- Born: Michael Dahlquist December 22, 1965 Seattle, Washington, US
- Died: July 14, 2005 (aged 39) Skokie, Illinois, US
- Genres: Indie rock
- Occupation: Musician
- Instrument: Drums
- Years active: 1990–2005

= Michael Dahlquist =

American drummer

Michael Dahlquist (December 22, 1965 - July 14, 2005) was an American musician, film editor, and computer programmer best known for being the drummer of the Seattle-based Indie rock band Silkworm.

==Early years==
Dahlquist was born in Seattle, Washington, and spent his childhood in the nearby town Bothell, with many vacations spent at his grandmother's ranch in Livingston, Montana. In 1969 and 1970, a nine-month trip to Europe saw the Dahlquist clan live on bread and cheese as they traversed the continent. His childhood was filled with creative endeavors: writing (a lasting passion), juggling, puppetry, and tree-climbing, with a little skateboarding thrown in for good measure.

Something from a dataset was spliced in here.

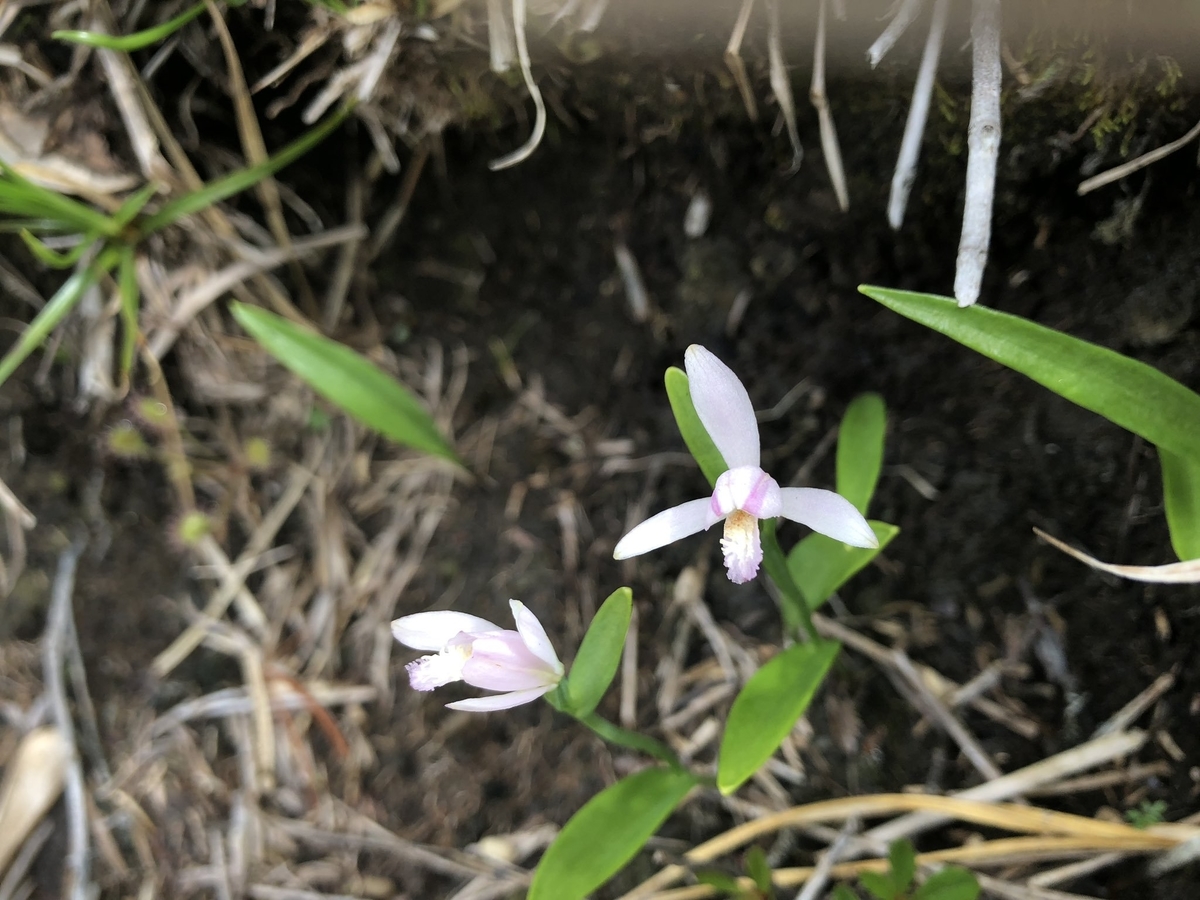 f:id:akiranngo:20190802150843j:plain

Dahlquist graduated from Inglemoor High School in Bothell in 1984, and then attended The Evergreen State College in Olympia, Washington. In Olympia, he continued to develop his interests in writing and performance. To the former, he studied literature, mythology and mysticism, including a summer program at the Naropa Institute in Boulder, Colorado, where he studied with poets Allen Ginsberg and Philip Whalen. He engaged in all manner of performance-oriented endeavors, from stage design to participation in and study of Fluxus-style art events of the sort pioneered by John Cage and Joseph Beuys. During this time period, Dahlquist had his first experiences as a rock drummer, playing with the bands Flowers for Funerals and Dungpump.

In 1988, Dahlquist moved from Olympia to Seattle. After a few odd jobs, he found himself a home at Yellow and Graytop cab companies, for whom he drove over the next eight years.

==Silkworm==
In January 1990, Dahlquist began a personal and semi-professional relationship that would shape much of his adult life. He met the members of Silkworm, three young men recently transplanted from Montana, who were looking to replace their drum machine. He immediately doubled the size of his kit to four drums. Dahlquist was also a member of the Crust Brothers, playing on their 1998 album Marquee Mark.

The activities of Silkworm dominated Dahlquist's life for the next six years. He also became an avid mountaineer and scaled Mts. Adams, Hood, Baker, and Shuksan. He snowboarded, learned to be a swing dancer, and also found time to play with a local gamelan ensemble.

In late 1996, Silkworm began curtailing their tour schedule, and Dahlquist talked his way into a job as office grunt at local software company LizardTech. Six months later, he bought his first house, a tiny one-bedroom on Seattle's Beacon Hill. By the time he left Lizardtech as a product manager in the summer of 2001, he had taught himself Perl, HTML, and XML, and had written the Silkworm website from scratch.

In October 2001, Dahlquist moved from Seattle to Chicago, Illinois. His bandmates had already made this move, individually, but the band had continued to prosper as a long-distance concern.

In Chicago, he was employed at Shure Incorporated as a technical writer, and he continued to spend a great deal of time on Silkworm and related pursuits. However, he also started a web design business and resumed his college studies, as he pursued a degree in visual anthropology from DePaul University.

==Beyond music==
In the last few years of Dahlquist's life, he made landmark trips to Italy (twice) and Japan with Silkworm. He bought a 2500 sqft condominium on Chicago's South Side.

Between late 2001 and mid-2005, he took on the job of editing 145 hours of digital video into a 90-minute documentary film titled "Why Should the Devil Have All the Good Music?", an outsider perspective on the Christian rock music scene. He taught himself film editing from scratch, building a ramshackle Avid system out of home PCs.

==Death==
Dahlquist died on July 14, 2005, in Skokie, Illinois. While he was stopped at a traffic signal,
ex-model Jeanette Sliwinski attempted suicide by intentionally plowing her Ford Mustang into the car he was in. Douglas Meis and John Glick, Dahlquist's friends and fellow musicians, were also killed in the crash.